A friend moved to Hastings from Brighton ten years ago because he had heard it was ‘the new Brighton.’ One day, not long after he had arrived, he was sitting in a pub, quietly sipping a pint and immersed in a book when another customer, bawled across the bar
‘If you want to read get out of here and go to a library’.
Rather dispirited, he went back to live in Brighton, where he could sit and read in pubs, bars and cafes all day long without fear of admonishment.
I remembered this story as I sat in a delightful pub called The Crown on All Saints Street, Hastings on Midsummer’s Day. I ordered a Truly Minted, a refreshing concoction of grapefruit juice, sparkling water and mint and a delicious dinner of roasted mackerel served with beetroot and heritage tomatoes. Then I opened my copy of A Life of Montaigne and proceeded to read several chapters, without intervention or interruption.
All along All Saints Street, windows of the pretty, old houses featured intriguing displays. They appeared to be personalised collections of toys and nick nacks, carefully presented in a style that suggested a competition had taken place. I don’t think that this was the case. These displays were purely for pleasure and personal amusement, indicating that the residents of Hastings have their whimsical side.
At the end of the street loomed the tall, dark fishermens’ huts, long famous and a wonderful place to buy fresh fish and seafood. A few doors along, the Hastings Fishermen Museum told me everything I needed to know about the maritime history of the town. It’s free to get in but definitely worth making a donation to help keep this charming, fascinating collection available for all to see.
The best place to swim in Hastings is at Rock a Nore, which has a mixture of sand and shingle, is backed by cliffs and feels more wild and secluded than the main beach. To find it, walk past the fishermens’ huts as far as you can go.

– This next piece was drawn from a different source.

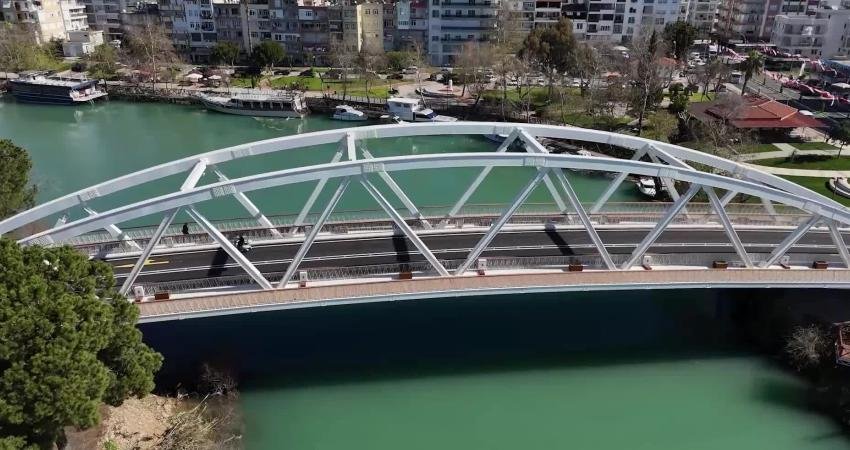 Manavgat Belediyesi tarafından kent trafiğini rahatlatmak ve ulaşımı kolaylaştırmak amacıyla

In the centre of town, stretching boldly out to sea, Hastings new pier is the National Pier Society’s Pier of the Year for 2017. Wide and open, littered with smart places to eat upmarket versions of traditional seaside food and a viewing platform made from the remains of the old pier, it’s a Hastings highlight. Three Swedish visitors, teenage girls, quietly enjoying a school trip, were having a lovely time there, until their happy day was sadly marred by an angry local resident. This stout lady circled them on her mobility scooter, shouting, ‘how dare you insult me in my own town.’
I tried to explain to the girls, who looked rather nervous, that she didn’t mean any harm, although I wasn’t convinced of this especially when she turned her attention to me and told me that I could ‘f**k off as well.’
Mostly however, Hastings seems a very welcoming town, with many places to sit and read a book or a magazine or to gaze at your iPhone willing people to like your instagram pictures. It feels more suited to hipsters than the hip replacement crowd especially in such emporiums as Hendy’s Home Store where you can buy brooms, dusters, basic candles and balls of string, so temptingly displayed that misguided customers are prepared to pay double the usual price for these banal items.
You can save money by visiting the Electric Cinema on the High Street, a dinky picture house where the tickets cost just £8, there’s a diverse, ever-changing programme and jolly staff sell you wine and chocolates to enjoy as you view
If Hastings doesn’t feel quite hip enough however, there are streets in neighbouring St Leonards which are achingly trendy. The gently sloping Norman Road is packed with vintage/antique shops, cleverly stocked with restored 1950’s chairs, recycled wooden chests and dusty bales of retro fabric.
The Kings Road is also a good hunting ground for fashionable homewares and junk and has many inviting cafes. Fika.Coffee.44 is a light, spacious spot, serving good coffee and herbal teas as well as stylish vegetarian food such as roasted Moroccan carrot and chickpea salad or avocado bagels with feta and spiced dukkah. Their courtyard garden is a tranquil enclave for rejuvenating with a vibrant smoothie and the friendly owners are pretty smooth too.
If St Leonards feels a bit too nice, be assured that some of the Hastings crowd still consider it a danger zone – rough in places.
But as I strolled happily along the seafront on a bright June day it felt very appealing and cheery. I was even lured into the estate agents to see if seaview property was still affordable and was delighted to discover that it was.
Where to stay:
Hastings lacks hotels, so rent one of its beautiful historic townhouses instead. Sinnock Square is a good place to start your search for a seaside holiday home.